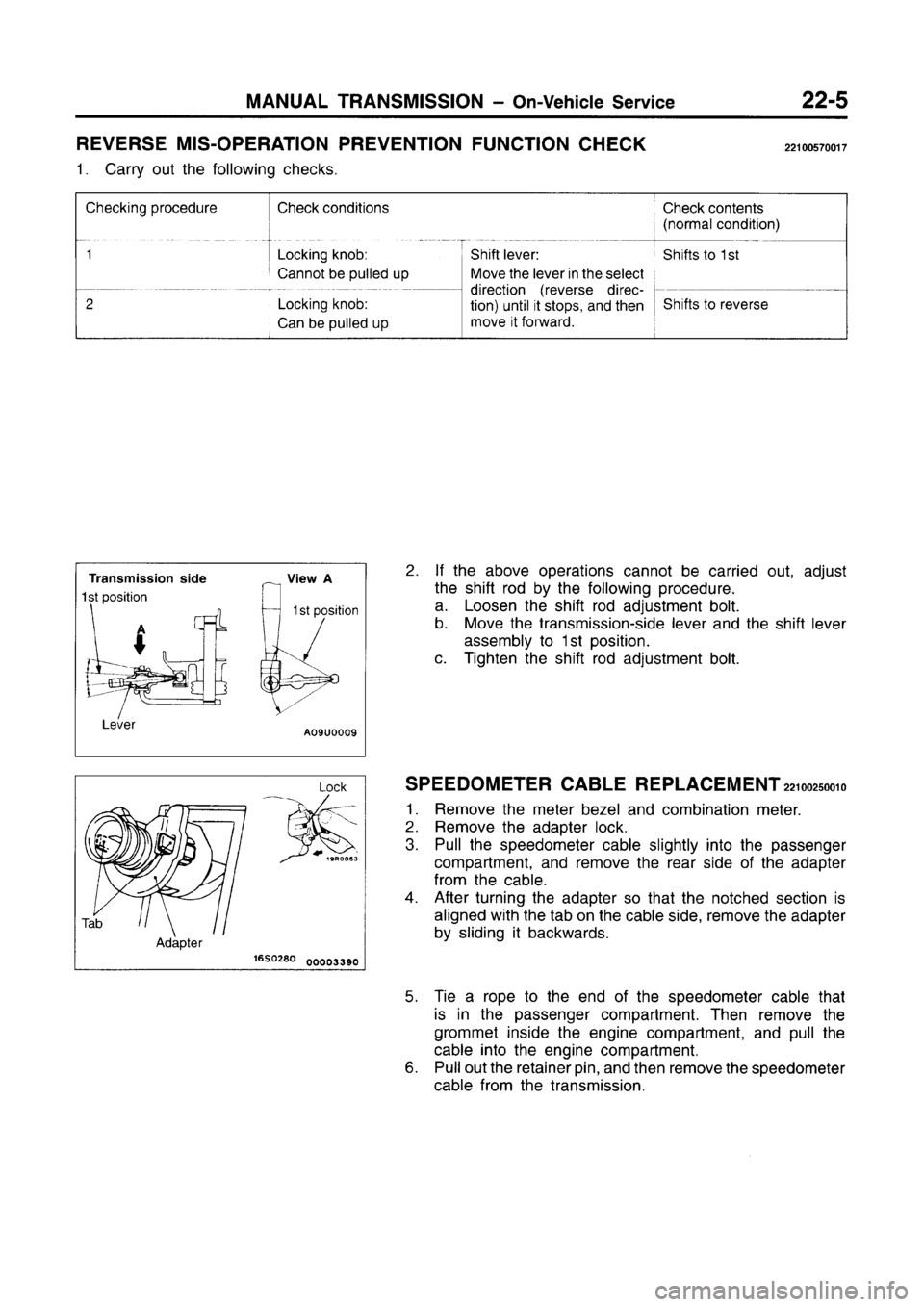 MITSUBISHI CARISMA 1996 Workshop Manual MITSUBISHI CARISMA 1996 Workshop Manual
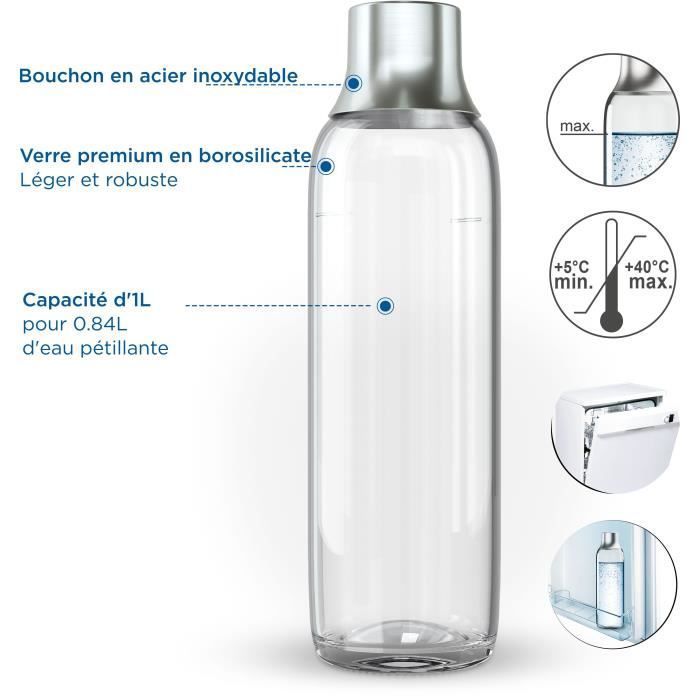 Paquete de 2 botellas BRITA - Para máquinas SodaTRIO - Capacidad de 1 L - Vidrio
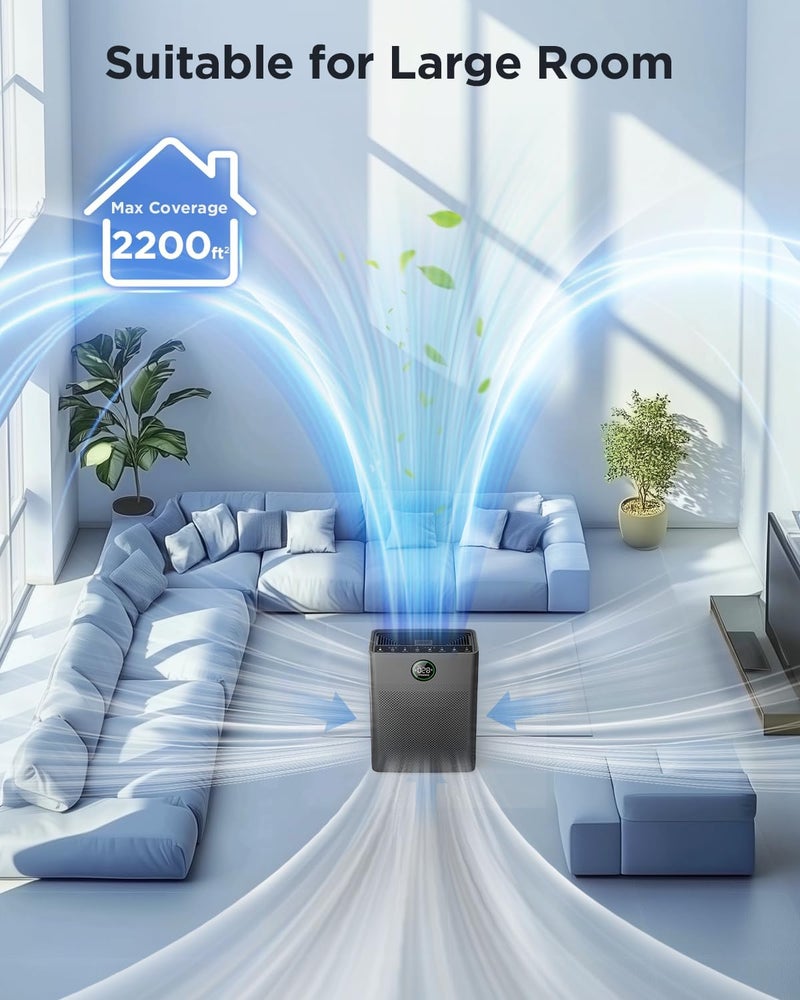 Mooka Air Purifiers for Home Large Room up to 2200sq.ft, Air Purifier for Home Pets with Washable Filter, PM 2.5 Display Air Quality Sensor Air Cleaner for Bedroom, Dorm Room, Pets, Office PR1 - Image 5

Exercise directions: The lines wanted run from the first one in the material above through the line containing "Paquete de 2"; give them again exactly, leaving out the pictures.

Answer:
 MITSUBISHI CARISMA 1996 Workshop Manual MITSUBISHI CARISMA 1996 Workshop Manual
 Paquete de 2 botellas BRITA - Para máquinas SodaTRIO - Capacidad de 1 L - Vidrio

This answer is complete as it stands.